Skoro masz korzenie hiszpańskie to powinieneś być raczej piłkarzem, a nie koszykarzem.
- Fakt. Gdy byłem mały, to graliśmy ciągle w piłkę nożną. Nawet jak przyjechałem do Polski, to do drugiej klasy podstawówki ganialiśmy na boisku za piłką z kolegami. Właśnie w drugiej klasie kolega powiedział mi "chodź na boisko, pogramy w kosza". I tak się jakoś przyjęło. Muszę przyznać, że rywalizacja była dość ostra, męczyliśmy się z kumplem ładnych parę lat, trenowaliśmy no i w końcu zapisaliśmy się do klubu.
Zakończmy temat związany z twoim życiorysem. Co sądzisz o derbach z Siarką Tarnobrzeg, wygranych przez zespół Sokoła?
- Dla mnie sprawa zaczyna się od tego, że wiele osób w prasie, Internecie czy ogólnie pisze, że Sokół będzie walczył o utrzymanie. To będzie mój pierwszy sezon w pierwszej lidze, ale wraz z drużyną rozegrałem już troszkę meczów, ponieważ braliśmy udział w trzech turniejach. Jesteśmy teraz po drugiej kolejce spotkań, poznałem troszeczkę zespołów, niektórych zawodników już znałem wcześniej i sądzę, że nie będziemy jednak takim chłopcem do bicia i Sokół będzie grał coraz lepiej. Mamy taką paczkę, jaką mamy, atmosfera w drużynie jest bardzo dobra i wierzę, że będzie nam to pomagało w meczach. Tak samo było w sobotę. Gdy myślę, że Siarka Tarnobrzeg ma skład, jaki ma - na papierze wręcz cudowny, ma takich graczy z takimi nazwiskami i z taką koszykarską przeszłością, że powinniśmy się ich nawet troszeczkę bać. My jednak dobrze przygotowaliśmy się do meczu i wolą walki, ambicją pokazaliśmy, że też potrafimy wygrywać. To jest sport i to jest właśnie piękne.
W środę jedziecie do Tych na spotkanie z miejscowym Big Starem.
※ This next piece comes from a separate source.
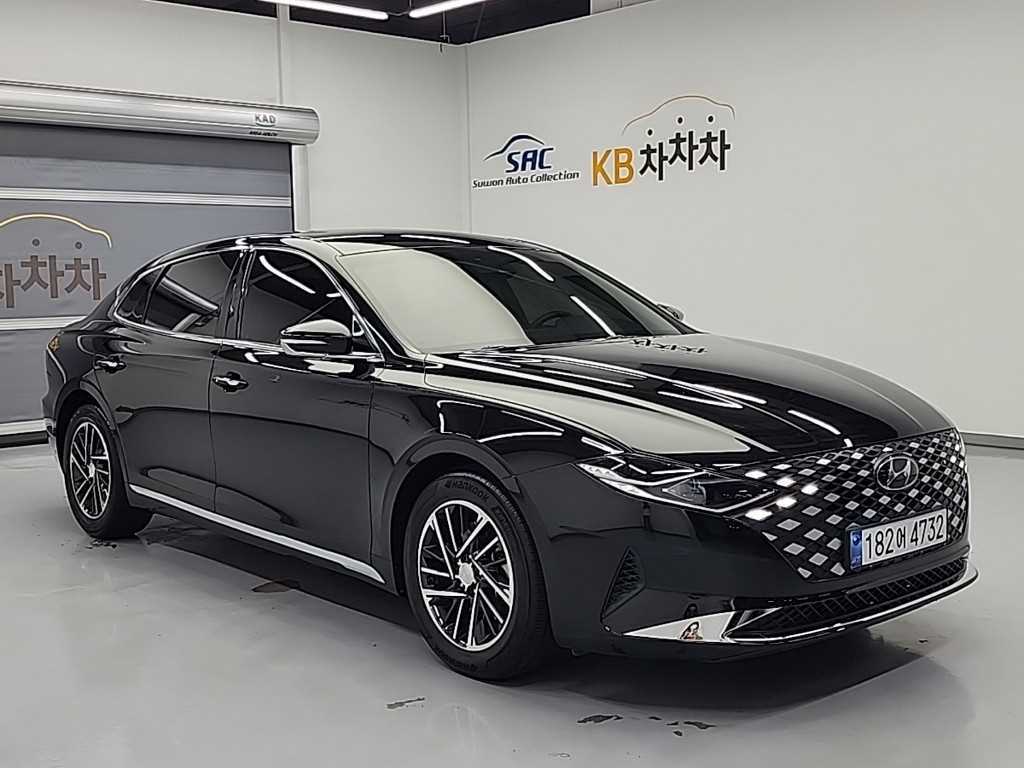 HYUNDAI Grandeur - Vista 4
Jakie nastawienia przed meczem z kolejną ekipą, która ma ochotę na awans?
- Po zwycięstwie z Siarką jesteśmy troszeczkę uskrzydleni i do Tych jedziemy po zwycięstwo. Znam Łukasza Pacochę i widziałem jego ostatni wyczyn, gdy zdobył 36 punktów - robi to wrażenie. Może teraz trafi mu się kiepski mecz, a jak nie, to ktoś od nas będzie musiał się nim zająć. Podejrzewam, że będzie to cięższy, bardziej wyrównany mecz aniżeli z Tarnobrzegiem. Sądzę też, że tym razem to my będziemy musieli gonić przeciwnika. Jednak, jeśli dopisze nam troszeczkę szczęście, jeśli troszkę tą grę poszarpiemy to uda nam się zwyciężyć.
Sądzisz, że łańcucki Sokół stać na fazę play-off?
- Ostatnio spojrzałem w tabelę. Jesteśmy w sumie już po dwóch kolejkach i myślę, że powinniśmy z drużyną dać radę. Nie chcę niczego obiecywać, bo jestem ostatnią osobą, która mogła by to robić. Nie chcę też mówić, że będziemy rewelacją rozgrywek. Wolałbym, żeby nas postrzegano troszeczkę inaczej - że jesteśmy dobrym zespołem, a nie drużyną z szarego końca.
Na zakończenie wręcz nie wypada nie zapytać o kibiców...
- Po meczu w sobotę mogę powiedzieć, że było głośno. Wywarli na mnie super wrażenie. Cały mecz dopingowali, co jest naprawdę super, niesamowicie pomaga w grze. Również po meczu doping nie ustawał - schodząc do szatni nadal byli z nami. Później także, mogliby śpiewać cały czas a my z nimi. Klub Kibica zrobił na mnie jak najbardziej pozytywne wrażenie.